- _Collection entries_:

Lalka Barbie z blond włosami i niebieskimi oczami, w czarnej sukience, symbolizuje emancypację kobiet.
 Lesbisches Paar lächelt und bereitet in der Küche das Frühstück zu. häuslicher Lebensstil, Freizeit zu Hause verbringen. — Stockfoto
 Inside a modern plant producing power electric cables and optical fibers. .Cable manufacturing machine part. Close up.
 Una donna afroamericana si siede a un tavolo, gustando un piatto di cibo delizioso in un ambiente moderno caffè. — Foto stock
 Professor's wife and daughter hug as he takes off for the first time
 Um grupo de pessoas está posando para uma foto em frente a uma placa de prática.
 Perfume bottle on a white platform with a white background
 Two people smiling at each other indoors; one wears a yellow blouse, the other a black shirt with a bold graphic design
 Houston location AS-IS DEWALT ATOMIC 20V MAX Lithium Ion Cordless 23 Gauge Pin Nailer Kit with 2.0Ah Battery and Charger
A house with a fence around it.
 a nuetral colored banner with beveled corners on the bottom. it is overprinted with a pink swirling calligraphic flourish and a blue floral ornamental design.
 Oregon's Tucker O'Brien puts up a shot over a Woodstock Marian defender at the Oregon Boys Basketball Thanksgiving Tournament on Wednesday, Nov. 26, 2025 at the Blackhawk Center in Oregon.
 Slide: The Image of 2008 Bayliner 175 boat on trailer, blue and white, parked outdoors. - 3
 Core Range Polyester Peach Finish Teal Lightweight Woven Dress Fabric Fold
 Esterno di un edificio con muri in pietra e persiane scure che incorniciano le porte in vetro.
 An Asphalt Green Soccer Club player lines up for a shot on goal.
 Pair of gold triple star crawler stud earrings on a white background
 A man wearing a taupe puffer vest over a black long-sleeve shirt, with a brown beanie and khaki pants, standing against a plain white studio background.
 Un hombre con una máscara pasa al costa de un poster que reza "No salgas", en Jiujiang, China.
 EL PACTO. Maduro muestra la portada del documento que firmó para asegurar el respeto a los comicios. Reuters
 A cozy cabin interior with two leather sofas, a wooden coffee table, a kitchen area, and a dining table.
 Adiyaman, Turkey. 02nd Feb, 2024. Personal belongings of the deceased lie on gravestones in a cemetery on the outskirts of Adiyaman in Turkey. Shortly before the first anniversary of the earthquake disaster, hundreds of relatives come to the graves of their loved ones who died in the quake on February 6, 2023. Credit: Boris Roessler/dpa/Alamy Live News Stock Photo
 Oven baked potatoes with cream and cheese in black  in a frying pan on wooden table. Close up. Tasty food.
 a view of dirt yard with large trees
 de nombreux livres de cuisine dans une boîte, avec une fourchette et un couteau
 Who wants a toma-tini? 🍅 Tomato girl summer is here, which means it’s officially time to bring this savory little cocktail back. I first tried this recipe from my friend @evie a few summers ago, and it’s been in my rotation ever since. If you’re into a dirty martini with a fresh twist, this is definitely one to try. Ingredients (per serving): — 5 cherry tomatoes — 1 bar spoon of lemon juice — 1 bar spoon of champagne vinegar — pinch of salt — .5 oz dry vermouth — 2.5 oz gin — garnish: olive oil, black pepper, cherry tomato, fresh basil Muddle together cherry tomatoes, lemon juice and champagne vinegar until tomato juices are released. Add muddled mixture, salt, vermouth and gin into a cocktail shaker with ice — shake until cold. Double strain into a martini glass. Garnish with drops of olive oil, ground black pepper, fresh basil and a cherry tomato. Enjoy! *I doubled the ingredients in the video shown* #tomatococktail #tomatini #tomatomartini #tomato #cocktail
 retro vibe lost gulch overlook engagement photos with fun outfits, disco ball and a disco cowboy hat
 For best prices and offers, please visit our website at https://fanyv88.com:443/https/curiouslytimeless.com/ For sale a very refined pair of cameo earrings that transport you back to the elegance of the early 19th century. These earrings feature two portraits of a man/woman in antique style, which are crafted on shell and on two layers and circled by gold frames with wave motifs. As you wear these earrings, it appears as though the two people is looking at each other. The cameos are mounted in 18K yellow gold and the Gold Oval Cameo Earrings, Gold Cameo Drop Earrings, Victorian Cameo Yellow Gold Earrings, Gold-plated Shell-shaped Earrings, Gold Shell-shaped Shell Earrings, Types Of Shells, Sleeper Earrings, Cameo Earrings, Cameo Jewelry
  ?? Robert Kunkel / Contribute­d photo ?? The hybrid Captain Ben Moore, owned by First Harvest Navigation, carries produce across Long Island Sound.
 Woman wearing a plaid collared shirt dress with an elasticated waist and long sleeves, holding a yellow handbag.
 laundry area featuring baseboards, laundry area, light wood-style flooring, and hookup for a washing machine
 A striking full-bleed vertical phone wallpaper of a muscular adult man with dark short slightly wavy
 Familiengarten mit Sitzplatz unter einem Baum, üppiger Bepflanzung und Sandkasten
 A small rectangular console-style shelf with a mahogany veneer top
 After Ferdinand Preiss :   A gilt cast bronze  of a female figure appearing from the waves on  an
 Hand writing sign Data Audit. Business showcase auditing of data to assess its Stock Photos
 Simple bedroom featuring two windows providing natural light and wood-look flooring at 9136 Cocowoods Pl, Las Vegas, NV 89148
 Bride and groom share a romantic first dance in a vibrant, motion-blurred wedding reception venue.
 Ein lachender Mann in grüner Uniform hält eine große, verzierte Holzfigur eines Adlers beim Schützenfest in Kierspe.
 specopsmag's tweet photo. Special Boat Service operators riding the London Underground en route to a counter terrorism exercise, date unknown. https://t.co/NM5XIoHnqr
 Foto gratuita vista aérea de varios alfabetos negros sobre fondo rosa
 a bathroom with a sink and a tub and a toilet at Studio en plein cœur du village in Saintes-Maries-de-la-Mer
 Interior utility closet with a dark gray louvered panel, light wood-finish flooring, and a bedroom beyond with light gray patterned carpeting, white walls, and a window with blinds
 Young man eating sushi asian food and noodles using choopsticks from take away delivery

- _Work to be completed_: Every word of every entry must be returned as it appears.

- _Problem solution_:
Lalka Barbie z blond włosami i niebieskimi oczami, w czarnej sukience, symbolizuje emancypację kobiet.
 Lesbisches Paar lächelt und bereitet in der Küche das Frühstück zu. häuslicher Lebensstil, Freizeit zu Hause verbringen. — Stockfoto
 Inside a modern plant producing power electric cables and optical fibers. .Cable manufacturing machine part. Close up.
 Una donna afroamericana si siede a un tavolo, gustando un piatto di cibo delizioso in un ambiente moderno caffè. — Foto stock
 Professor's wife and daughter hug as he takes off for the first time
 Um grupo de pessoas está posando para uma foto em frente a uma placa de prática.
 Perfume bottle on a white platform with a white background
 Two people smiling at each other indoors; one wears a yellow blouse, the other a black shirt with a bold graphic design
 Houston location AS-IS DEWALT ATOMIC 20V MAX Lithium Ion Cordless 23 Gauge Pin Nailer Kit with 2.0Ah Battery and Charger
A house with a fence around it.
 a nuetral colored banner with beveled corners on the bottom. it is overprinted with a pink swirling calligraphic flourish and a blue floral ornamental design.
 Oregon's Tucker O'Brien puts up a shot over a Woodstock Marian defender at the Oregon Boys Basketball Thanksgiving Tournament on Wednesday, Nov. 26, 2025 at the Blackhawk Center in Oregon.
 Slide: The Image of 2008 Bayliner 175 boat on trailer, blue and white, parked outdoors. - 3
 Core Range Polyester Peach Finish Teal Lightweight Woven Dress Fabric Fold
 Esterno di un edificio con muri in pietra e persiane scure che incorniciano le porte in vetro.
 An Asphalt Green Soccer Club player lines up for a shot on goal.
 Pair of gold triple star crawler stud earrings on a white background
 A man wearing a taupe puffer vest over a black long-sleeve shirt, with a brown beanie and khaki pants, standing against a plain white studio background.
 Un hombre con una máscara pasa al costa de un poster que reza "No salgas", en Jiujiang, China.
 EL PACTO. Maduro muestra la portada del documento que firmó para asegurar el respeto a los comicios. Reuters
 A cozy cabin interior with two leather sofas, a wooden coffee table, a kitchen area, and a dining table.
 Adiyaman, Turkey. 02nd Feb, 2024. Personal belongings of the deceased lie on gravestones in a cemetery on the outskirts of Adiyaman in Turkey. Shortly before the first anniversary of the earthquake disaster, hundreds of relatives come to the graves of their loved ones who died in the quake on February 6, 2023. Credit: Boris Roessler/dpa/Alamy Live News Stock Photo
 Oven baked potatoes with cream and cheese in black  in a frying pan on wooden table. Close up. Tasty food.
 a view of dirt yard with large trees
 de nombreux livres de cuisine dans une boîte, avec une fourchette et un couteau
 Who wants a toma-tini? 🍅 Tomato girl summer is here, which means it’s officially time to bring this savory little cocktail back. I first tried this recipe from my friend @evie a few summers ago, and it’s been in my rotation ever since. If you’re into a dirty martini with a fresh twist, this is definitely one to try. Ingredients (per serving): — 5 cherry tomatoes — 1 bar spoon of lemon juice — 1 bar spoon of champagne vinegar — pinch of salt — .5 oz dry vermouth — 2.5 oz gin — garnish: olive oil, black pepper, cherry tomato, fresh basil Muddle together cherry tomatoes, lemon juice and champagne vinegar until tomato juices are released. Add muddled mixture, salt, vermouth and gin into a cocktail shaker with ice — shake until cold. Double strain into a martini glass. Garnish with drops of olive oil, ground black pepper, fresh basil and a cherry tomato. Enjoy! *I doubled the ingredients in the video shown* #tomatococktail #tomatini #tomatomartini #tomato #cocktail
 retro vibe lost gulch overlook engagement photos with fun outfits, disco ball and a disco cowboy hat
 For best prices and offers, please visit our website at https://fanyv88.com:443/https/curiouslytimeless.com/ For sale a very refined pair of cameo earrings that transport you back to the elegance of the early 19th century. These earrings feature two portraits of a man/woman in antique style, which are crafted on shell and on two layers and circled by gold frames with wave motifs. As you wear these earrings, it appears as though the two people is looking at each other. The cameos are mounted in 18K yellow gold and the Gold Oval Cameo Earrings, Gold Cameo Drop Earrings, Victorian Cameo Yellow Gold Earrings, Gold-plated Shell-shaped Earrings, Gold Shell-shaped Shell Earrings, Types Of Shells, Sleeper Earrings, Cameo Earrings, Cameo Jewelry
  ?? Robert Kunkel / Contribute­d photo ?? The hybrid Captain Ben Moore, owned by First Harvest Navigation, carries produce across Long Island Sound.
 Woman wearing a plaid collared shirt dress with an elasticated waist and long sleeves, holding a yellow handbag.
 laundry area featuring baseboards, laundry area, light wood-style flooring, and hookup for a washing machine
 A striking full-bleed vertical phone wallpaper of a muscular adult man with dark short slightly wavy
 Familiengarten mit Sitzplatz unter einem Baum, üppiger Bepflanzung und Sandkasten
 A small rectangular console-style shelf with a mahogany veneer top
 After Ferdinand Preiss :   A gilt cast bronze  of a female figure appearing from the waves on  an
 Hand writing sign Data Audit. Business showcase auditing of data to assess its Stock Photos
 Simple bedroom featuring two windows providing natural light and wood-look flooring at 9136 Cocowoods Pl, Las Vegas, NV 89148
 Bride and groom share a romantic first dance in a vibrant, motion-blurred wedding reception venue.
 Ein lachender Mann in grüner Uniform hält eine große, verzierte Holzfigur eines Adlers beim Schützenfest in Kierspe.
 specopsmag's tweet photo. Special Boat Service operators riding the London Underground en route to a counter terrorism exercise, date unknown. https://t.co/NM5XIoHnqr
 Foto gratuita vista aérea de varios alfabetos negros sobre fondo rosa
 a bathroom with a sink and a tub and a toilet at Studio en plein cœur du village in Saintes-Maries-de-la-Mer
 Interior utility closet with a dark gray louvered panel, light wood-finish flooring, and a bedroom beyond with light gray patterned carpeting, white walls, and a window with blinds
 Young man eating sushi asian food and noodles using choopsticks from take away delivery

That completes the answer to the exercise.